BEGIN Task data
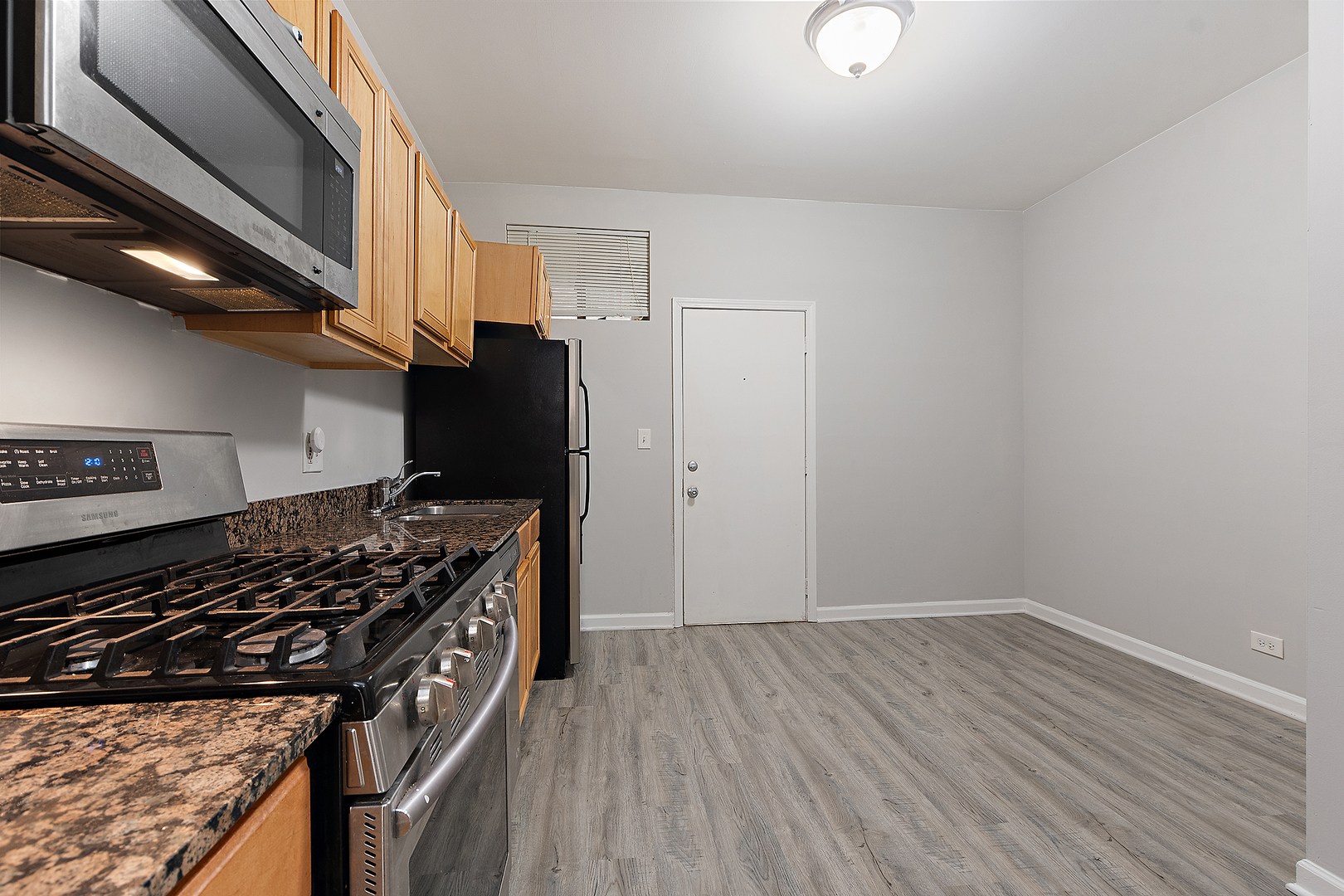 5150 South King Drive, Unit 2A Chicago, IL 60615 - Photo 14 of 22 a kitchen with wooden floors and a stove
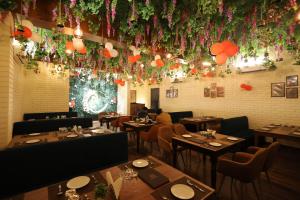 a restaurant with tables and chairs and flowers on the wall at Hotel Carnival in Bāghpat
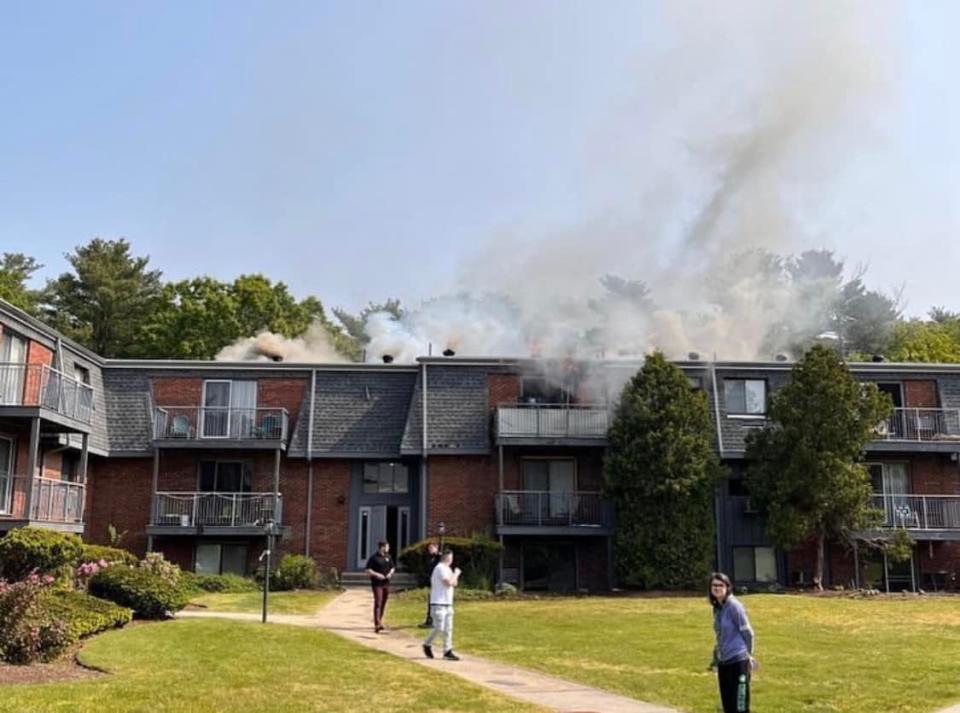 Smoke billows from an apartment building Wednesday morning on Stoneybrook Drive in Millis.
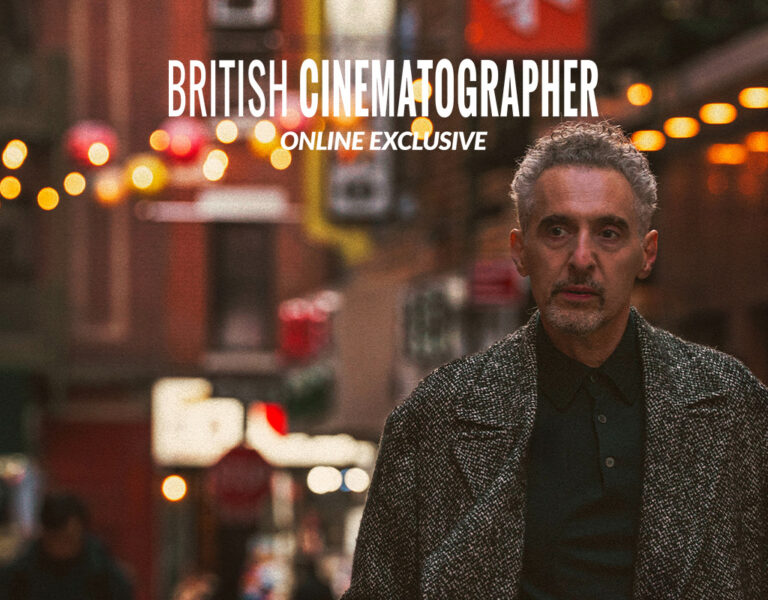 John Turturro walking down a New York street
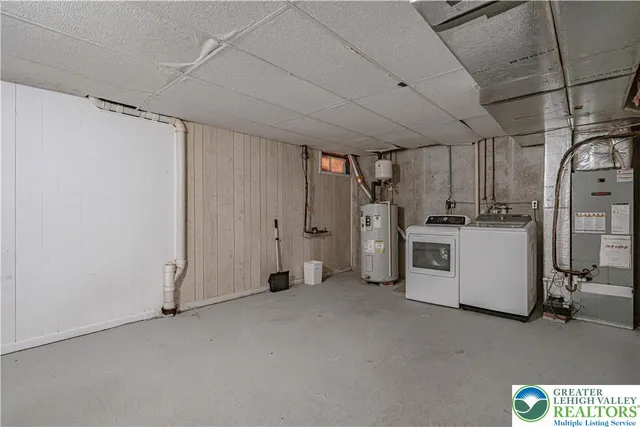 a view of a storage & utility room with a fridge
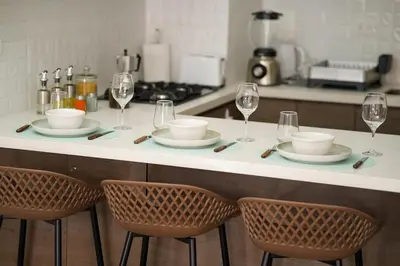 a kitchen counter with plates and wine glasses on it at Well-Located and Modern Apartment in Barranco in Lima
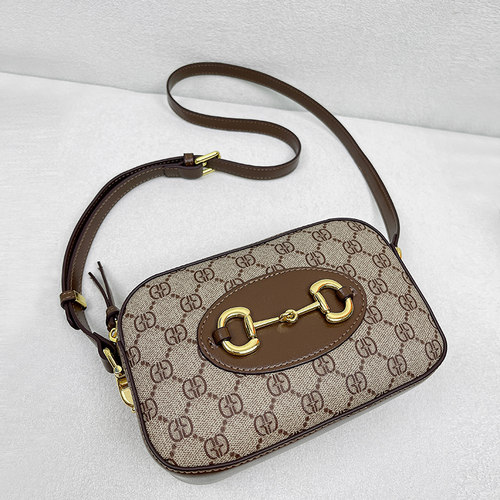 休闲百搭印花真皮单肩斜挎包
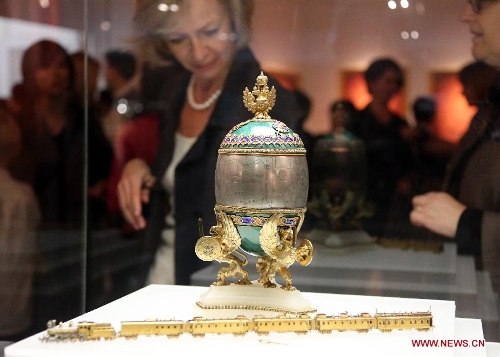 A visitor looks at an Easter egg presented on the exhibition of 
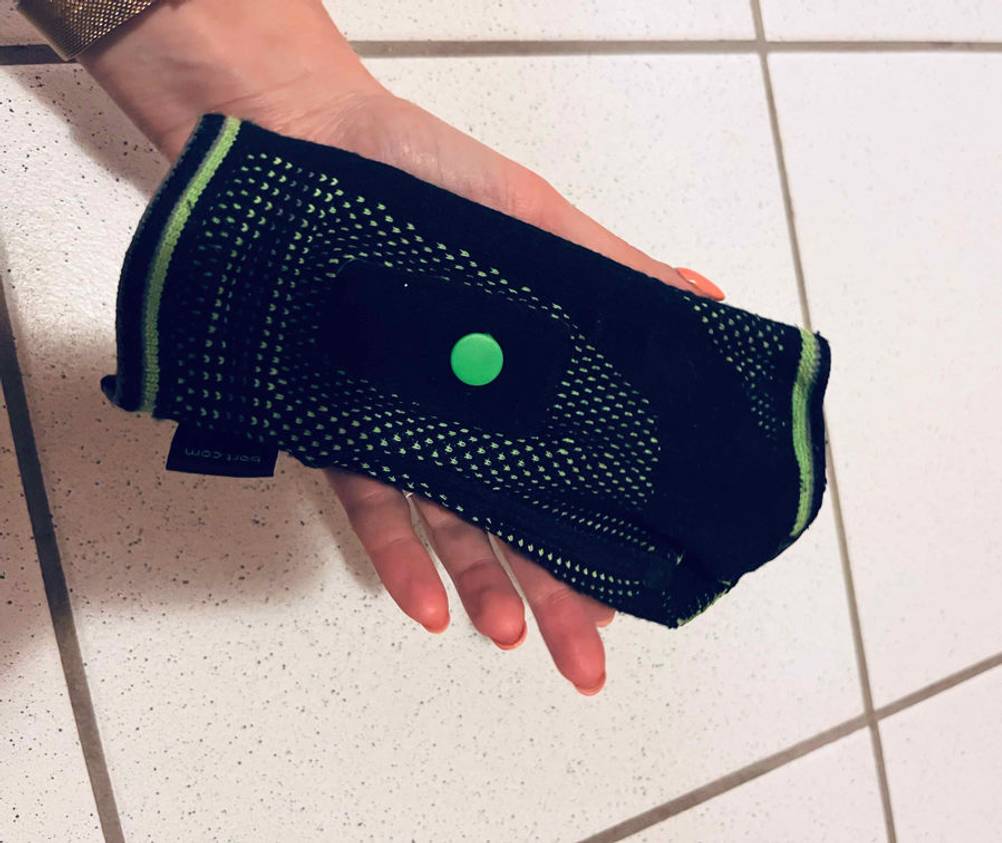 Hand hält Inliner-Protektor im Test inklusive verstellbarer Lasche inklusive Druckknopf.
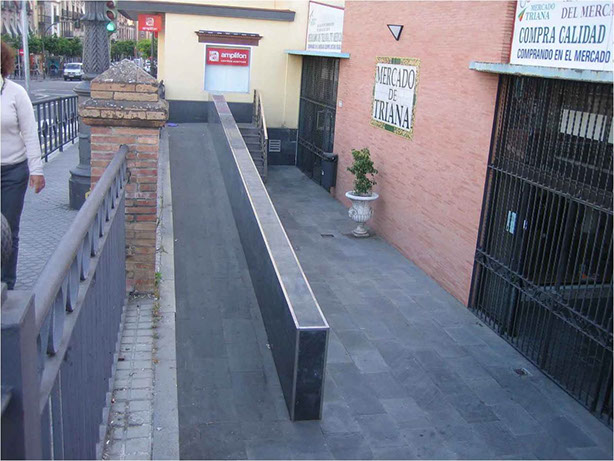 Rampas al exterior. No accesible. Falta pasamanos laterales. Pendiente excesiva. Imbornal en mismo sentido de la marcha. 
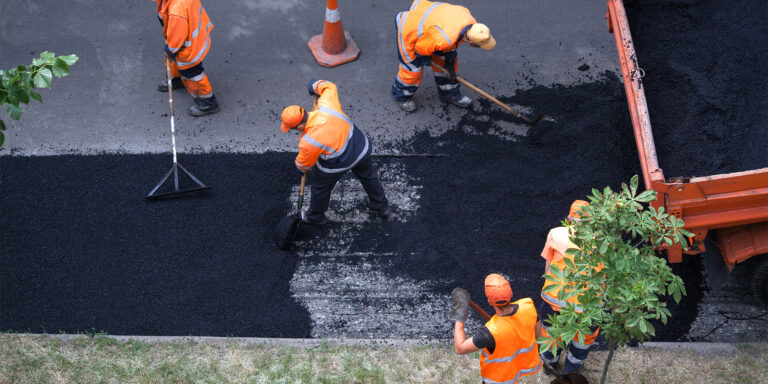 Photo of a road resurfacing crew at work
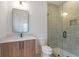 Contemporary bathroom with wood vanity, shower, and gray tile at 160 Cedarwood Ln, Roswell, GA 30075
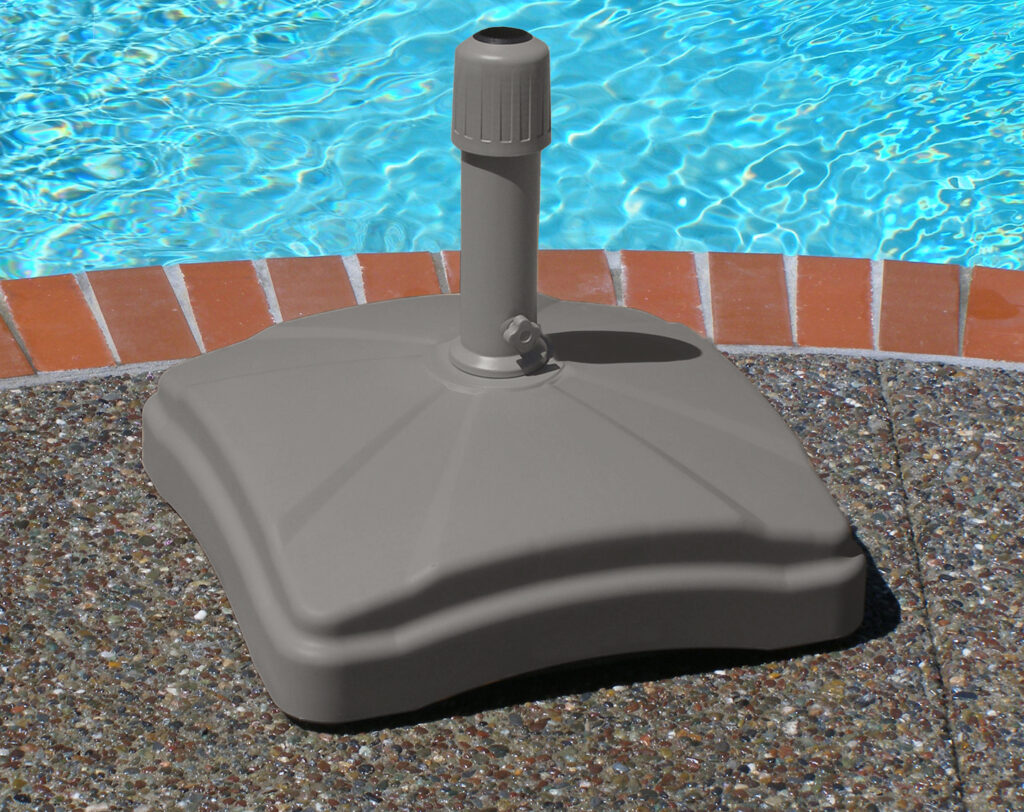 gray umbrella base by pool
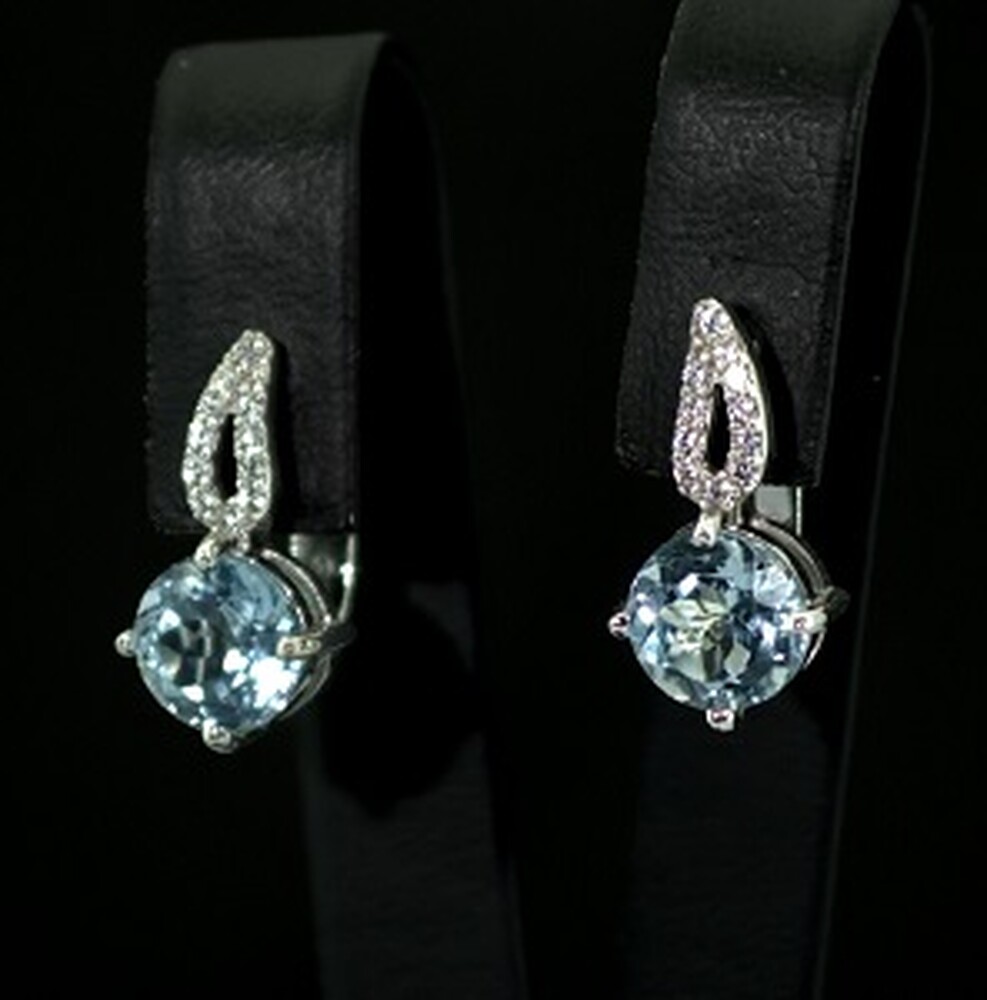 Серебряные серьги 925 пробы 4,53 г с голубыми Топазами и фианитами 4,8 карат Серебряные серьги 925 пробы 4,53 г с голубыми Топазами и фианитами 4,8 карат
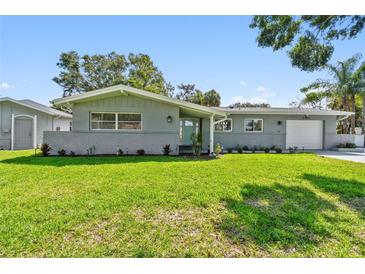 Charming one-story home with a well-manicured lawn, brick accents, and a freshly painted exterior at 94 Nicholas Dr, Dunedin, FL 34698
END Task data
Aim of the task: Leave the pictures out and repeat exactly the lines from the beginning of the records to the line bearing "A visitor looks", both ends counted.

Result:
 5150 South King Drive, Unit 2A Chicago, IL 60615 - Photo 14 of 22 a kitchen with wooden floors and a stove
 a restaurant with tables and chairs and flowers on the wall at Hotel Carnival in Bāghpat
 Smoke billows from an apartment building Wednesday morning on Stoneybrook Drive in Millis.
 John Turturro walking down a New York street
 a view of a storage & utility room with a fridge
 a kitchen counter with plates and wine glasses on it at Well-Located and Modern Apartment in Barranco in Lima
 休闲百搭印花真皮单肩斜挎包
 A visitor looks at an Easter egg presented on the exhibition of 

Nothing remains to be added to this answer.